|
Flash floods of differing magnitudes are not new to
Dire Dawa, a small city established as a result of a
railway passing through it over 100 years ago. It is
what its residents worry about almost every year
during the period of heavy monsoon rains. The night
of August 6 was different; the rain poured heavily
for three hours, beginning at 3:00am.
A year after that fateful night, Assia was still in
one of the few shelters scattered inside a youth
recreation centre near the Dire Dawa International
Airport when Fortune’s team tracked her down
last week. It seemed unusual for her to be looked
for by someone for she ran like an athlete eager to
know who might have been in search for her.
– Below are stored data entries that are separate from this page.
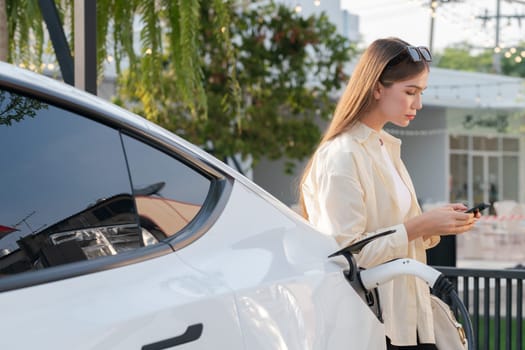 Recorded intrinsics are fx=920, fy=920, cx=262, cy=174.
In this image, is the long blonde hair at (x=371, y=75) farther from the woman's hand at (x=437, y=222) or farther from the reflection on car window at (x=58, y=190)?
the reflection on car window at (x=58, y=190)

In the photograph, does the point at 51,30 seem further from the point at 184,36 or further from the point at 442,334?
the point at 442,334

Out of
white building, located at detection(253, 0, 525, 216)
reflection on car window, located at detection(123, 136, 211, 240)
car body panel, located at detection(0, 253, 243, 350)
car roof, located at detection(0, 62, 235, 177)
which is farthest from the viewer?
white building, located at detection(253, 0, 525, 216)

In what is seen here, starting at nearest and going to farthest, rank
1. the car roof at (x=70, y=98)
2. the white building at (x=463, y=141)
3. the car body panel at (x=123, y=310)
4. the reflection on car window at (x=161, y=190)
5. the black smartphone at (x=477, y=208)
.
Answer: the car body panel at (x=123, y=310) → the car roof at (x=70, y=98) → the reflection on car window at (x=161, y=190) → the black smartphone at (x=477, y=208) → the white building at (x=463, y=141)

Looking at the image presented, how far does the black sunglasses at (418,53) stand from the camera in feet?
9.53

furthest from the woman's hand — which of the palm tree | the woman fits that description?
the palm tree

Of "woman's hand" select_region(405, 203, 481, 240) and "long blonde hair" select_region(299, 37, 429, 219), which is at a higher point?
"long blonde hair" select_region(299, 37, 429, 219)

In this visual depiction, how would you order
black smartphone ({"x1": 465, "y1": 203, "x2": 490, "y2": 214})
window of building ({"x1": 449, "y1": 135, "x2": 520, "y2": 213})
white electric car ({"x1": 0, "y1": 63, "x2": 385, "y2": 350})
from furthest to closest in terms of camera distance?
window of building ({"x1": 449, "y1": 135, "x2": 520, "y2": 213})
black smartphone ({"x1": 465, "y1": 203, "x2": 490, "y2": 214})
white electric car ({"x1": 0, "y1": 63, "x2": 385, "y2": 350})

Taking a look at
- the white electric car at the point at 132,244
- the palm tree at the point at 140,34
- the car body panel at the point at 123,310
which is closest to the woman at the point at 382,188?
the white electric car at the point at 132,244

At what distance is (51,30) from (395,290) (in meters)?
1.76

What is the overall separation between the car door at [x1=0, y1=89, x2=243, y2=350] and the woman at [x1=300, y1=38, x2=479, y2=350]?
81 cm

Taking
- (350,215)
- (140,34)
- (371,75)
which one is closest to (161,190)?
(350,215)

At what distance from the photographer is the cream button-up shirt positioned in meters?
2.73

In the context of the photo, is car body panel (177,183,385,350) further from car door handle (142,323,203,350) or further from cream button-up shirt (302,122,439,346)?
cream button-up shirt (302,122,439,346)

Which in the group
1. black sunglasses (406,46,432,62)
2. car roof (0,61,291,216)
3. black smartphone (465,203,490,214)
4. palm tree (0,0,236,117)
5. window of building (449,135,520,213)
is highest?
palm tree (0,0,236,117) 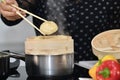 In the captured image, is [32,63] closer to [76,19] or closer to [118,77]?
[118,77]

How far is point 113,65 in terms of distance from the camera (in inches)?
34.9

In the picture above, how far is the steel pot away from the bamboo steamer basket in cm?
11

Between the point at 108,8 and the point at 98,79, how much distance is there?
587 millimetres

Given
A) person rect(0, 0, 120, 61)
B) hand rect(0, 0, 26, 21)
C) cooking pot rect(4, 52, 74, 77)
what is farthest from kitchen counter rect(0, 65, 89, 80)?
person rect(0, 0, 120, 61)

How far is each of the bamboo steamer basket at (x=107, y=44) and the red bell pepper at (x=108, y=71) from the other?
0.06m

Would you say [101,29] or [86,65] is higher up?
[101,29]

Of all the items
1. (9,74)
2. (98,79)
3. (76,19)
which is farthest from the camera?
(76,19)

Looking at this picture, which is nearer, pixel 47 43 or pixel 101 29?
pixel 47 43

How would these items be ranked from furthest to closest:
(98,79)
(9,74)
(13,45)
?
1. (13,45)
2. (9,74)
3. (98,79)

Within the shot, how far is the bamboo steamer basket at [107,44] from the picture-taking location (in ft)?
3.18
Her
first reaction at the look of her photograph
published on this newspaper the week the disastrous
happened was rather unexpected. She instantly turned
her face away from the picture, in shock. It
reminded her of the worst night of her life, and
begun to cry.
Assia recalled being in deep sleep when the flood
broke off its course from Dechatu bank and
hit the house where she had lived for eight years,
with her aunt, Amina Ibrahim, and four of her
cousins, in a neighbourhood popularly known as
Behre Tsgie. Woken in confusion, all found
themselves engulfed in the high speed water. Assia
and her two cousins struggled, frantically, to grab
anything while being pushed away by the flood. Her
aunt and two of her other cousins were not as lucky.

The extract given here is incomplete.